One example of the use of agent provocateurs in recent history is the series of FBI operations known as ‘COINTELPRO’ (short for ‘Counter-Intelligence Program’), in which agents were used to infiltrate and corrupt the groups which were a part of the Civil Rights Movement in the US in the 1960’s(6). This was achieved by having members of the FBI posing as concerned citizens. They then joined the ranks of innumerable activist organisations with the express intent of impeding the organisations’ effectiveness, bringing them down from the inside — as a Trojan Horse — or co-opting the groups for the convenience of making them an asset for the FBI’s further use(7)(8).
A more recent and straightforward view of how agent provocateurs can be used was during the G20 summit of 2010 in Toronto(9). A group — of what later turned-out to be undercover police — clad in black, with covered faces, joined a group of peaceful protestors. The undercover provocateurs then began to engage in vandalism, running riot, inciting violence. This allowed the official police force to justify becoming more heavy-handed with genuine protestors, and shutting down the protests. But, it turned out to be a monumental failure when undercover agents were identified, called out, and separated from the real protestors; the provocateurs eventually ended up running behind police lines to protect themselves after being outed(10).

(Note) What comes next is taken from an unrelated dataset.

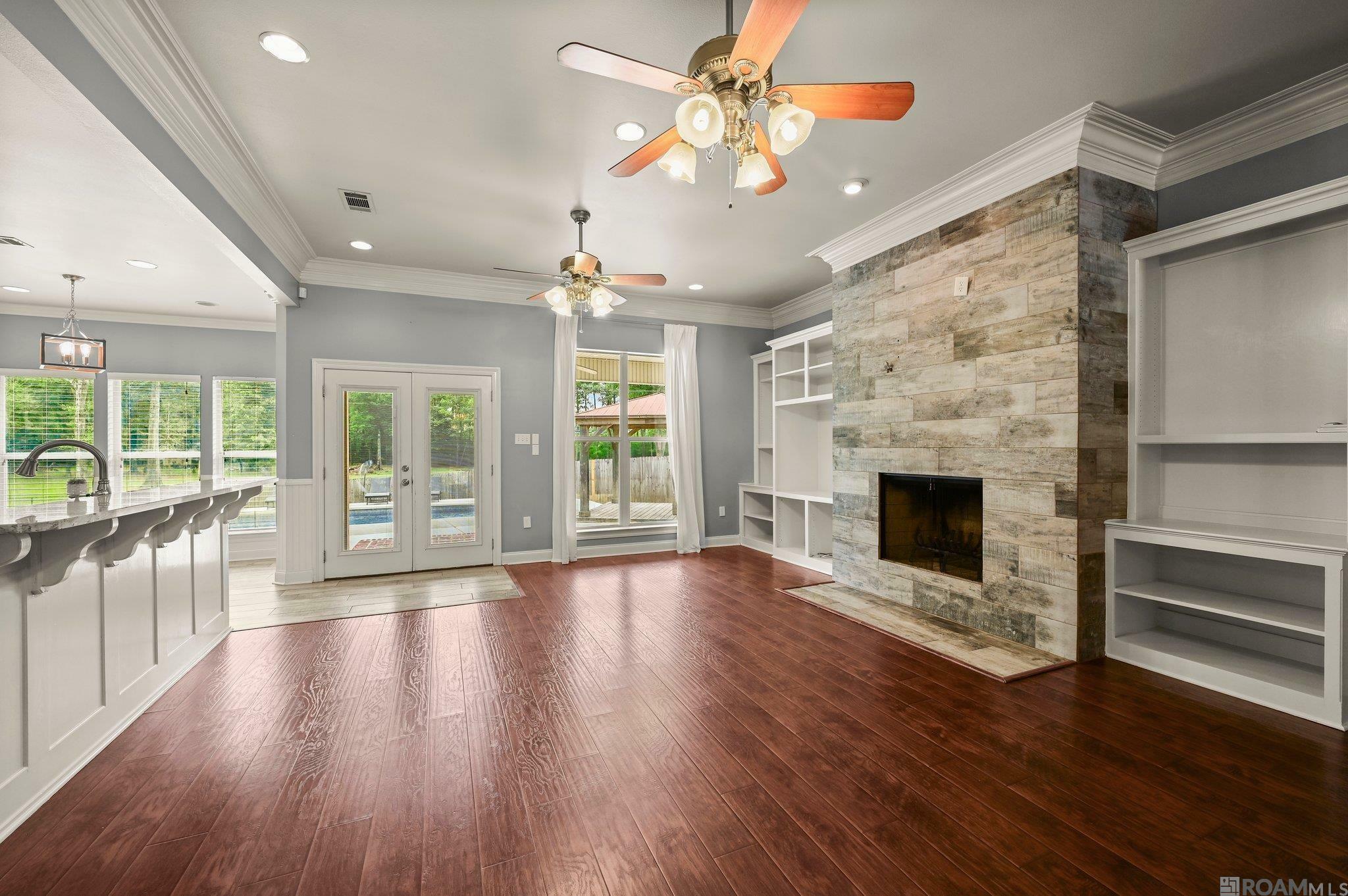 Property Photo:  31730 Greenwell Springs Rd  LA 70739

It used to take shared interest, good ideas, and a sense of unity to motivate people to come together to collectively represent a cause. People would naturally form associations to combat injustice. Now, we are left even more unsure of how to act, and of the state of reality at large. Campaigns of any kind can be spoofed by means of paying a bunch of programmable conflict actors to champion whatever non-cause you can make up over the course of an afternoon’s plotting.
There is an ever-increasing atmosphere of fear and uncertainty around saying or doing the wrong thing. When you consider the investment in certain positions, and the apparent support thereof, as well as the fury exacted on opposition, it is easier to understand people’s unwillingness to take a stand on any issue. In regard to so many problems that exist in the modern world, there is such a push in one direction that the herd instinct has kicked in. And, us herd animals, being urged in one direction, become uncomfortable, begin to moo, and paw the ground apprehensively when one begins to deviate from the wranglings of the farmer and sheepdogs.
Many, at least subconsciously, sense the imminent danger of non-conformity; and, as a result, experience feelings of angst caused by the potential agitation the perceived deviation may bring. So, they either side with the popular position, or do nothing out of fear of repercussion.
Because they believe their eyes, and don’t look deeper at the issues than how they appear on the surface.